Lula não inventou a embromação. Mas, seja porque ele não tem outra coisa a fazer no governo, ou porque o governo não tem outra coisa a fazer com ele, assumiu com mais gosto do que os antecessores o múnus de ser o bobo de sua própria corte. E é preciso reconhecer que ela lhe foi útil. Ele passsou anos sem dar entrevista. Mas não ficou um dia sem jornalistas para difundir os bonés, os chapéus de vaqueiro e todas as coisas sem sentido que lhe passaram pela cabeça. Ele finge o tempo todo que governa. Mas aos jornais quase sempre bastam suas poses em mentiras mais amenas, fingindo, por exemplo, que toca guitarra.

Conama versus APPs

A macaquice do presidente não teria tanta importância, se a reportagem política não se metesse com os assuntos que deveriam ser exclusivos da primatologia. Senão, o que acontece é uma primeira página com o presidente roubando espaço de notícias muito mais relevantes, como a história de que o Conselho Nacional do Meio Ambiente aprovou a resolução que legaliza a ocupação irregular das áreas de preservação permanente, as APPs. Aí, a propaganda de Lula vira ameaça ambiental.

O remendo do Conama veio, como sempre, em nome das prioridades sociais. Mas também atende às urgências eleitorais de administrações populistas, resolve o problema das mineradoras que se aboletaram onde não deveriam e abre brechas para quem daqui para a frente quiser desmatar legalmente uma APP. Ou seja, tornou flexível o que era excessivamente frouxo. Trocado em miúdos, consagra o projeto de constituição patenteado nos anos 70 pelo jornalista Renato Pompeu que, como o historiador Capistrano de Abreu, conseguiu resumir num só artigo todos os fundamentos consuetudinários da sociedade brasileira: “Tudo será de quem pegar primeiro”.

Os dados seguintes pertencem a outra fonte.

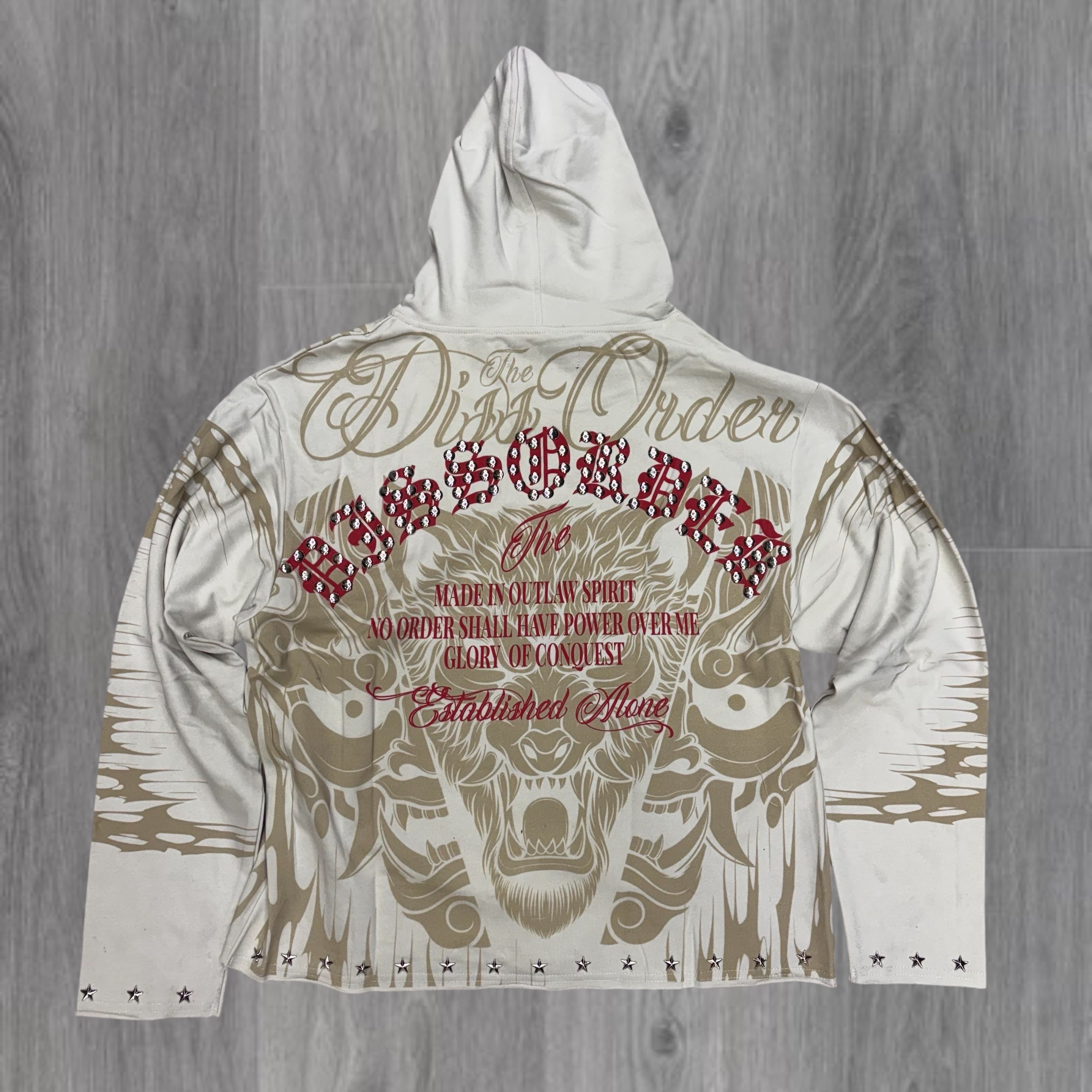 DISORDER - WOLF Zip Hoodie - STONE - 343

O que não falta no Conama é ambientalista para torcer contra árvores, bichos e todas as ordens da criação que ainda não tenham adquirido o direito de voto. O conselho é formado por 111 membros. Tem o tamanho ideal para turvar deliberações. Levou quatro anos discutindo o caso das APPs. E saiu isso. Pelo excesso de gente atuando na coreografia da representação democrática, suas reuniões exigem uma revoada de conselheiros para Brasília. E, ultimamente, deram para ser suspensas por falta de quórum, mandando de volta para casa de mãos abanando quem cometeu o equívoco de levar a sério a convocação.

Ele se compõe de uma mistura desigual de governos e ONGs. Os governos, somando esferas, têm maioria. As vagas das ONGs se dividem desequilibradamente entre as organizações estritamente ambientais e as sócio-ambientais. Tudo somado, a ala social do ambientalismo é amplamente majoritária. E os ambientalistas propriamente ditos não têm ouvidos para ouvir e entender as estrelas do sócio-ambientalismo, quando elas saúdam a resolução desta semana dizendo, pela voz da conselheira Adriana Ramos, que “agora não tem mais desculpa para descumprir a lei”.

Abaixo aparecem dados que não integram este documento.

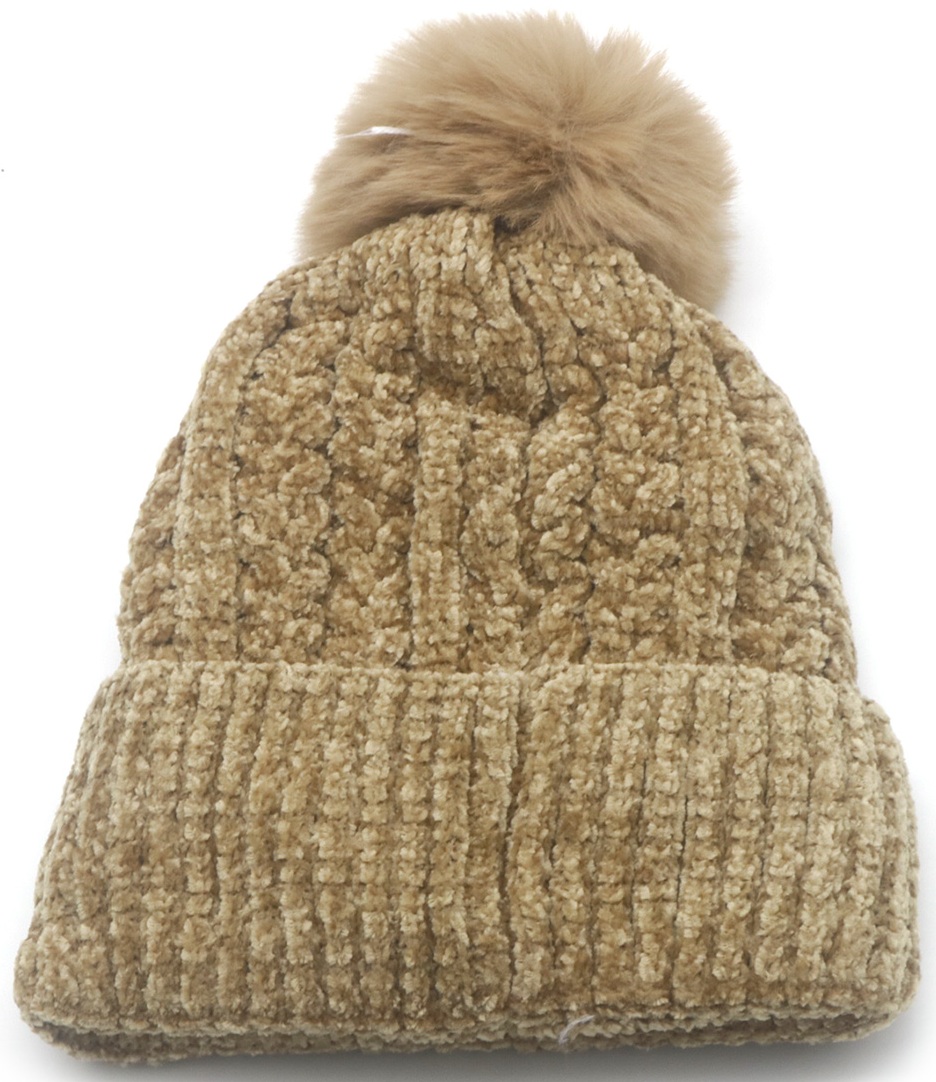Z-D1.1 HAT001-001-2 Beanie Hat with Pompon Brown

Em outras palavras, a coordenadora de Políticas do Instituto Socioambiental acha que, se os interesses sociais e as leis ambientais divergem, as leis podem ser descumpridas. E, pior, que a proteção de rios e encostas não passa de um regulamento anti-social – a não ser, naturalmente, quando as secas, as enchentes e as ravinas revogam da noite para o dia as disposições políticas em contrário. Mas os jornalistas ocupados em encher páginas e páginas com o ramerrão do governo Lula não tem mais tempo para cuidar do que tem tudo para virar a notícia de seu dia-a-dia pelas próximas décadas.